Individual workers in the office spaces will be encouraged to take responsibility for their own emissions by being given access through their computers to monitors which will tell them how much energy is being expended in their part of the building.
Most of the changes though will not be visible to the outside world. However, the owners have decided that the famous colored lights - the top of the Empire State turns green, for instance, on St Patrick's day and was a patriotic red, white and blue for several months after 9/11 - will remain intact, arguing they are responsible for relatively little energy consumption.
Hot on the heels of the Empire State Building retrofit announcement, SL Green Realty, which says its the owner of New York Citys largest commercial office property portfolio (29 New York City office properties totaling approximately 23,211,200 square feet), has announced its own energy savings initiative.
Upon completion in late 2009, SL Green believes that the efficiency program will cut steam use at 13 properties by an average of up to 10 percent and save as much as 35 cents per square foot in utility costs overall.

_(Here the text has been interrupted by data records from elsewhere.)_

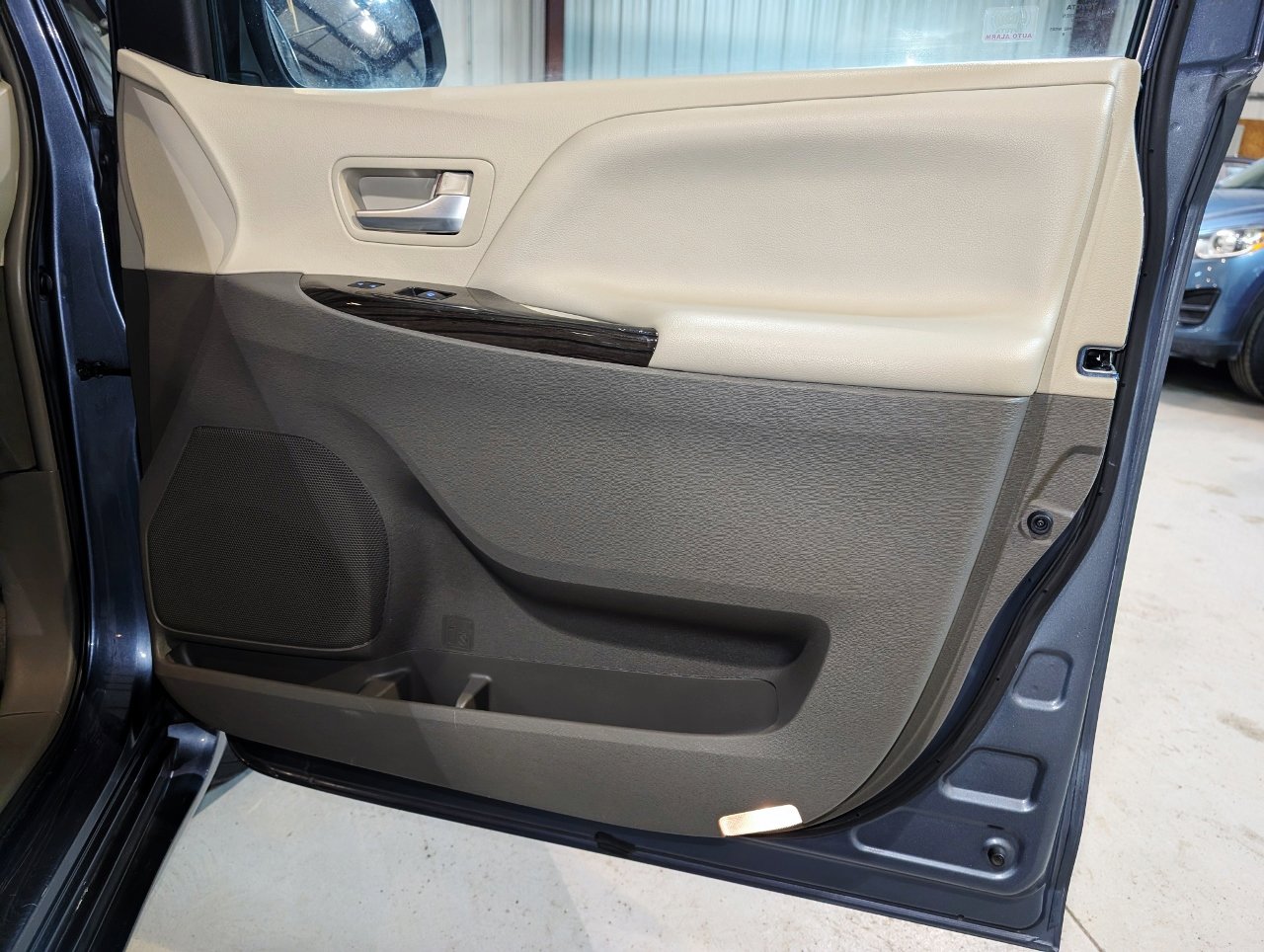 Used 2017 Toyota Sienna XLE image 28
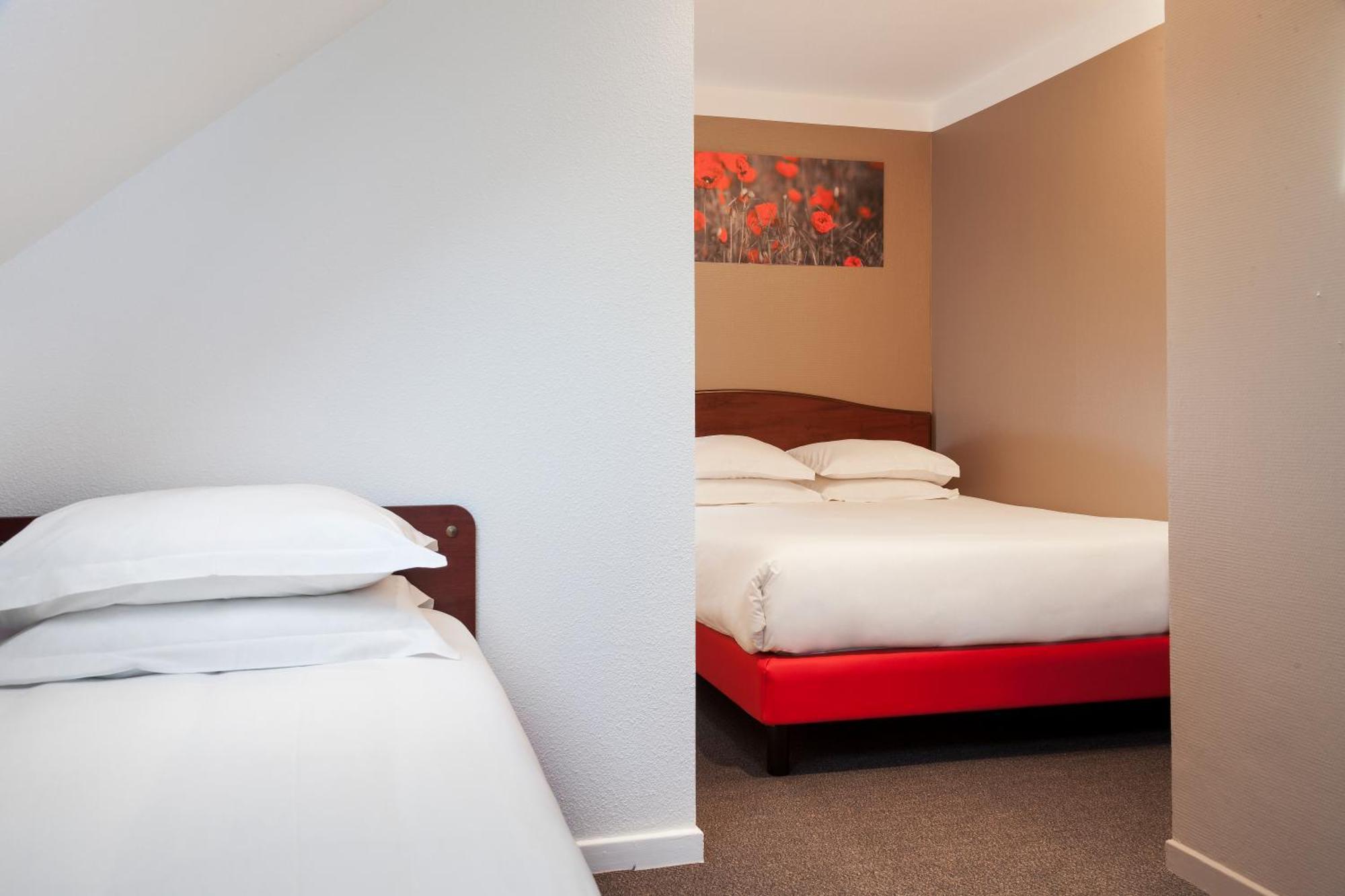 Brit Hotel Арас Екстер'єр фото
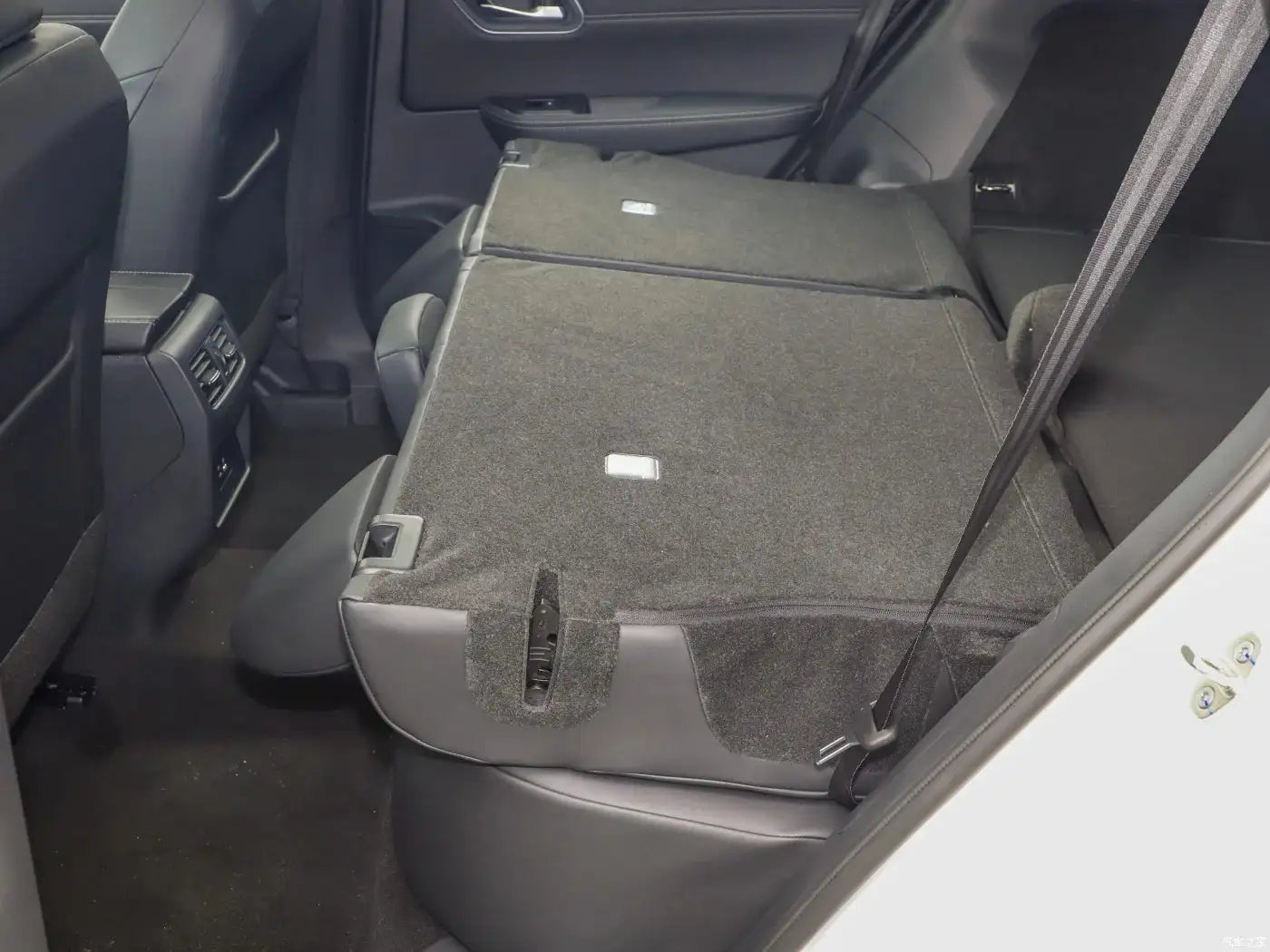 Nissan Rogue Faux Leather Seat Covers Set 2021 2022 2023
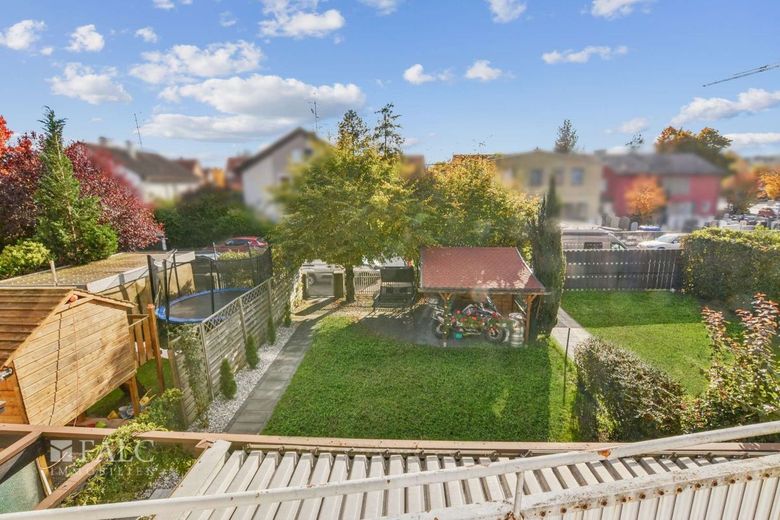 Ein Zuhause zum Ankommen: Hochwertig vor 5 Jahren kernsaniert und modernisiert – Blick in den Garten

The company recently received an Energy Star Challenge Award bronze plaque for its efforts in reducing energy consumption at 625 Madison Avenue. In 2008, SL Green reduced the propertys carbon footprint and energy consumption by more than 10 percent. At that property, the company installed monitoring equipment on high pressure steam traps, made stairwell lighting technology upgrades, installed variable frequency drives, and upgraded tenant and main building cooling towers with more efficient units.